In the mean time, enjoy!
Pad Thai (Fine Cooking, May 2011 - modified)
As I noted before, I really liked the flavors and simplicity of this dish, but I didn't care for how mushy the noodles turned out, the tofu 'strips' just crumbled, and since I don't have a wok I was using my cast iron pan and the order in which I was to prep things was problematic.
So, I had enough ingredients left to make this again...my way. Result - outstanding! Seriously good. I could eat this every week.
1) Combine 1/4 cup each of fish sauce, agave nectar, and lime juice. 1/3 cup of each was too much.
2) Use only 2/3 cup broth.
3) Soak noodles in warm water no more than 10 minutes. Drain well.
4) After the tofu was pressed, drained and blotted dry, I cubed it rather than cut into strips. Heat cast-iron pan over med-high heat, no oil. Fry tofu until nicely browned on the outside and set aside.
5) Add oil to hot pan. Cook shrimp, then add garlic and continue cooking until shrimp is almost done. Remove and add to tofu.
6) Add thin layer of oil to pan. Heat. Add eggs and lightly scramble. Remove and add to tofu and shrimp.

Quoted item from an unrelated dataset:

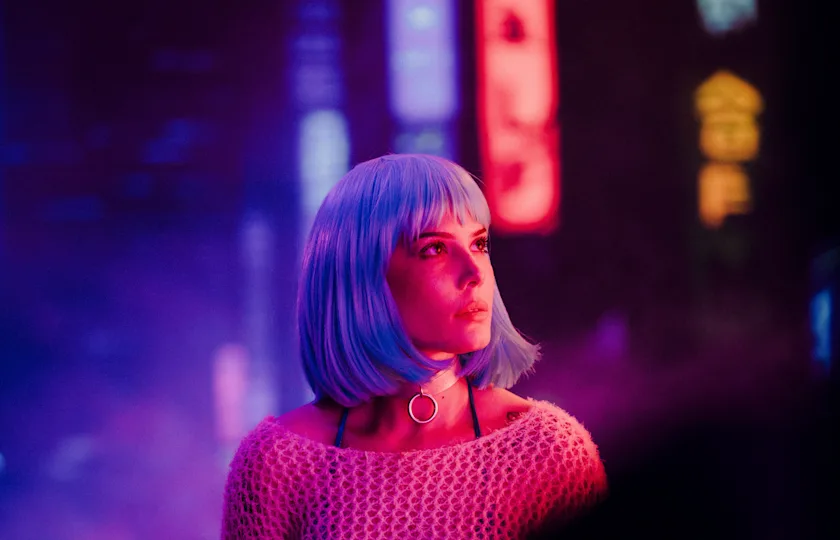 Halsey 2026 英国巡演《Halsey Tour》伦敦&曼彻斯特站来了:全新能量,炸裂回归!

7) Add oil to pan. Add drained noodles and sear for about 2 minutes, turning frequently to lightly brown. Add fish sauce and broth and cook until liquid is absorbed. Add back in tofu, shrimp and egg. Toss lightly.
Waldorf Blue Cheese Cascadian Couscous Salad (Vegetarian Times, July/August 2011)

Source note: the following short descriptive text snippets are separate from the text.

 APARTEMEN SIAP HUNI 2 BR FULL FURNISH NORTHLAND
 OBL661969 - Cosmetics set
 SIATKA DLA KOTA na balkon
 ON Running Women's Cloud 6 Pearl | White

This caught my eye for it's simplicity. I did think there was some incongruity between the description of the recipe creator and the ingredient list - not sure about the whole "fresh produce" bit when the only produce is granny smith apples and celery. Still, this was quick to pull together and tasted really good. I would like to experiment with wheat berries - the dressing and blue cheese would lend themselves well to the nutty taste of wheat berries.

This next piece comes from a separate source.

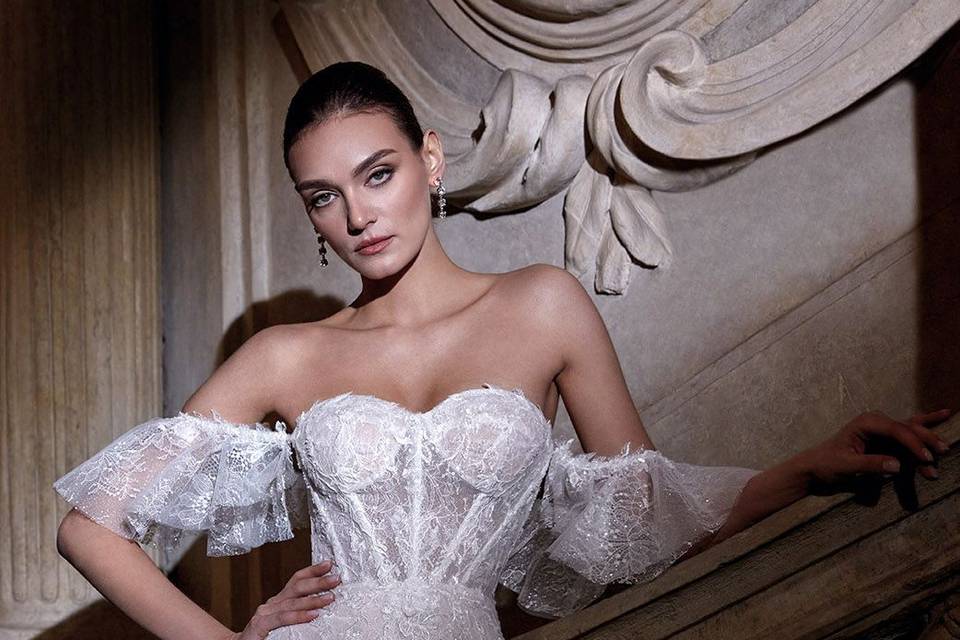 Pronovias Privèe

Mary Berry, of White Salmon, Wash, created this colorful Waldorf salad after being inspired by the abundant fresh produce and other ingredients at her local farmers market.
1 cup couscous (I used Israeli)
1/4 cup toasted hazelnut oil (I used olive oil)
3 tbsp apple cider vinegar
2 tsp honey Dijon mustard (I used regular Dijon)
1 tsp honey
1/2 tsp sea salt
1/2 tsp black pepper
1/2 cup diced granny smith apples, peeled and cored (I used Fuji, just cored and diced)
1/3 cup chopped celery
1/3 cup dried tart cherries or cranberries
1/4 cup chopped toasted hazelnuts (I used walnuts)
3 tbsp crumbled blue cheese
1) cook couscous according to directions on package. Fluff with fork and transfer to a large bowl to cool.
2) Whisk together oil, vinegar, mustard, honey, salt and pepper in a small bowl.
3) Stir apples, celery, cherries, nuts, and dressing into couscous. Top with blue cheese.